Tom O'Connell, the state fisheries director, said the buyback would be paid for out of $10 million in federal disaster-relief funds the state received last year to help crabbers whose incomes had been hurt by catch restrictions. He declined to say how much the state has allotted for the buyback, saying that the bidding could be skewed if the amount available was known.
O'Connell said the buyback is the first step in a plan to reduce the potential for a big upsurge in crabbing from people who haven't used their licenses in years. State officials still plan to impose restrictions on remaining inactive license holders.
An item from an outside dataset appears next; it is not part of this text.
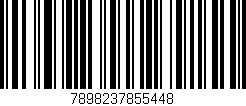 Código de barras (EAN, GTIN, SKU, ISBN): '7898237855448'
Barring them from resuming crabbing until the bay population is healthy remains an option, but license holders might be given the choice of harvesting male crabs only or agreeing to give up the right to transfer their licenses.
"It's just giving people a decision tree," said Lynn Fegley, Maryland's assistant fisheries director. "They can either sell or we'll offer them a path they can take." She stressed that the options remain under review.
Larry W. Simns, president of the Maryland Watermen's Association, said he thinks the buyback plan is better than the state's bid to freeze unused licenses. But he said the state should have announced a fixed price - say, around $1,000 - and waited to see how many took the offer.
"A lot of people think a license is worth a lot more than it really is," said Simns. "They're going to have a mess the way it is."
If not enough people make acceptable bids, O'Connell said, the state will have to resort to tougher restrictions on the remaining inactive licenses.
Virginia plans to conduct a similar auction, using $6.7 million in federal funds to buy back as many of its 1,800 commercial crabbing licenses as it can, said Jack Travelstead, that state's fisheries director. About 500 of the licenses have been frozen because they had not been used lately.
Some have questioned Maryland's focus on retiring limited crab-catcher licenses, because the crabbers using them account for less than 20 percent of the commercial crab harvest. State officials said they also hope to do something about the unused "tidal fishing" licenses typically held by full-time watermen, which authorize them to crab with up to 900 pots and to catch finfish and oysters. Of about 2,000 such licensees, Fegley said, 780 reported catching no crabs last year. Those licenses are transferable and sell for $15,000 to $20,000 or more, by some accounts.